#### What to do
The records that follow are to be repeated exactly, with the pictures removed.
--------
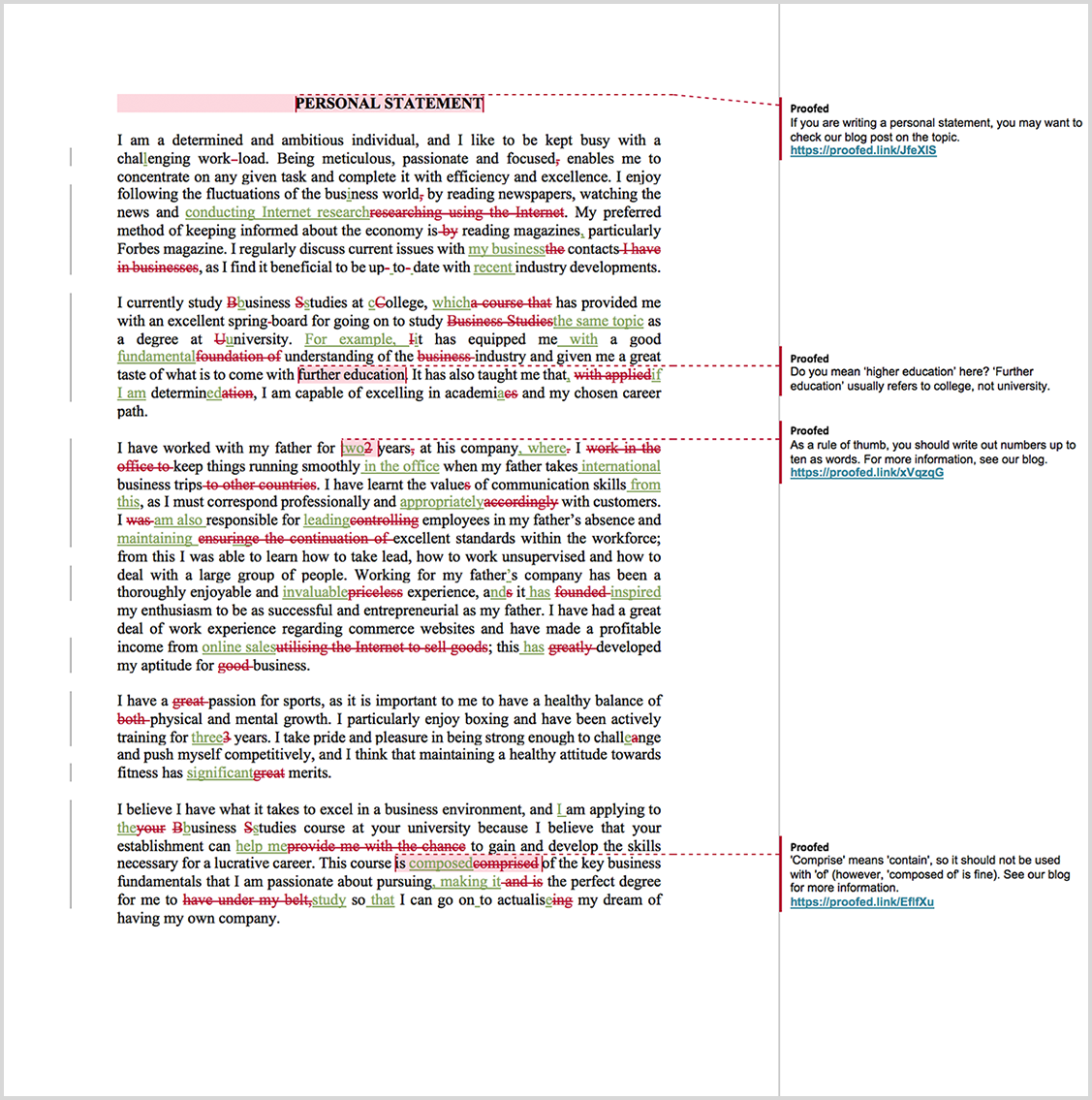 Personal Statement Proofreading Example (After Editing)
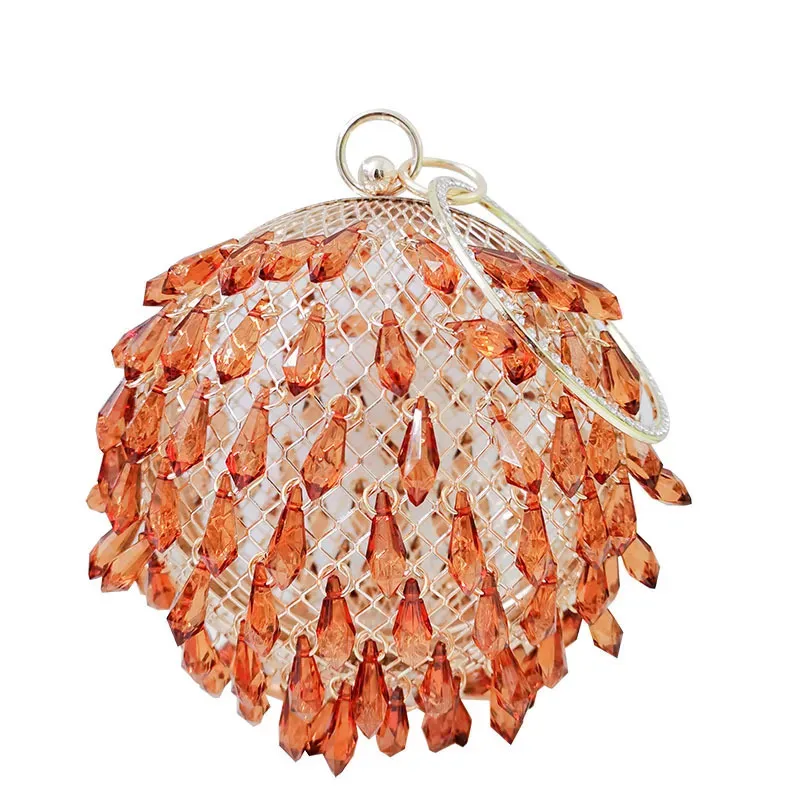 Women Fashion Creative Drop Shape Acrylic Round Metal Birdcage Handle Dinner Bag - Image 5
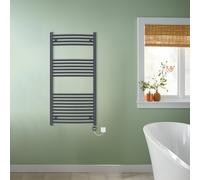 (Anthracite, 1200x600mm) NRG Prefilled Thermostatic Electric Curved Heated Towel Rail Radiator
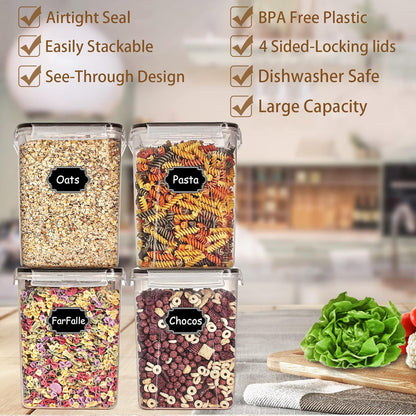 4-piece airtight flour storage container set, black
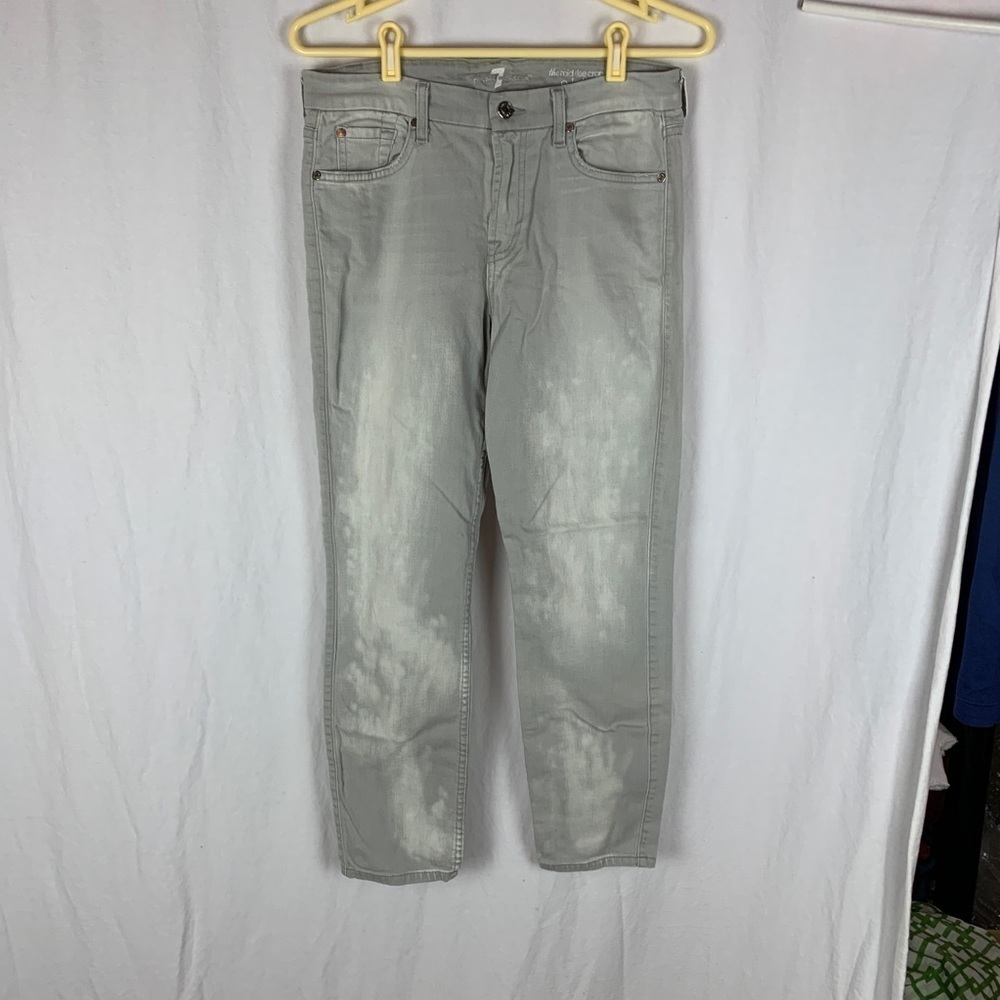 7 for all mankind gray bleach skinny jeans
--------
#### Problem solution
 Personal Statement Proofreading Example (After Editing)
 Women Fashion Creative Drop Shape Acrylic Round Metal Birdcage Handle Dinner Bag - Image 5
 (Anthracite, 1200x600mm) NRG Prefilled Thermostatic Electric Curved Heated Towel Rail Radiator
 4-piece airtight flour storage container set, black
 7 for all mankind gray bleach skinny jeans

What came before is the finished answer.